[[ Data extracts open ]]

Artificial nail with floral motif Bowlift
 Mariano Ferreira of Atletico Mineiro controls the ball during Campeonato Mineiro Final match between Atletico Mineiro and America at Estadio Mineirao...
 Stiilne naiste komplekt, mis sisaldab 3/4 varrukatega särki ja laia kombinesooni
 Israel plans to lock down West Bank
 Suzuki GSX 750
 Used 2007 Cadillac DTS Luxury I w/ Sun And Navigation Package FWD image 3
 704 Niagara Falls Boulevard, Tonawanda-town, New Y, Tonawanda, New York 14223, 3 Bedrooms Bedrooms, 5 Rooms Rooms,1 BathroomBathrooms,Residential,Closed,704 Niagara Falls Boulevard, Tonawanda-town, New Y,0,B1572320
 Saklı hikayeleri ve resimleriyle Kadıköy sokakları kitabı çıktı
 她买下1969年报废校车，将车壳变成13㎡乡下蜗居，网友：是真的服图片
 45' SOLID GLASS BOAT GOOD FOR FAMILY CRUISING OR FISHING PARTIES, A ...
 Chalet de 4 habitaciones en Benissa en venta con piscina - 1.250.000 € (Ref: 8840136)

[[ Data extracts closed ]]

• Work instruction
Return the listing above in its exact form.

• Solution to the exercise
Artificial nail with floral motif Bowlift
 Mariano Ferreira of Atletico Mineiro controls the ball during Campeonato Mineiro Final match between Atletico Mineiro and America at Estadio Mineirao...
 Stiilne naiste komplekt, mis sisaldab 3/4 varrukatega särki ja laia kombinesooni
 Israel plans to lock down West Bank
 Suzuki GSX 750
 Used 2007 Cadillac DTS Luxury I w/ Sun And Navigation Package FWD image 3
 704 Niagara Falls Boulevard, Tonawanda-town, New Y, Tonawanda, New York 14223, 3 Bedrooms Bedrooms, 5 Rooms Rooms,1 BathroomBathrooms,Residential,Closed,704 Niagara Falls Boulevard, Tonawanda-town, New Y,0,B1572320
 Saklı hikayeleri ve resimleriyle Kadıköy sokakları kitabı çıktı
 她买下1969年报废校车，将车壳变成13㎡乡下蜗居，网友：是真的服图片
 45' SOLID GLASS BOAT GOOD FOR FAMILY CRUISING OR FISHING PARTIES, A ...
 Chalet de 4 habitaciones en Benissa en venta con piscina - 1.250.000 € (Ref: 8840136)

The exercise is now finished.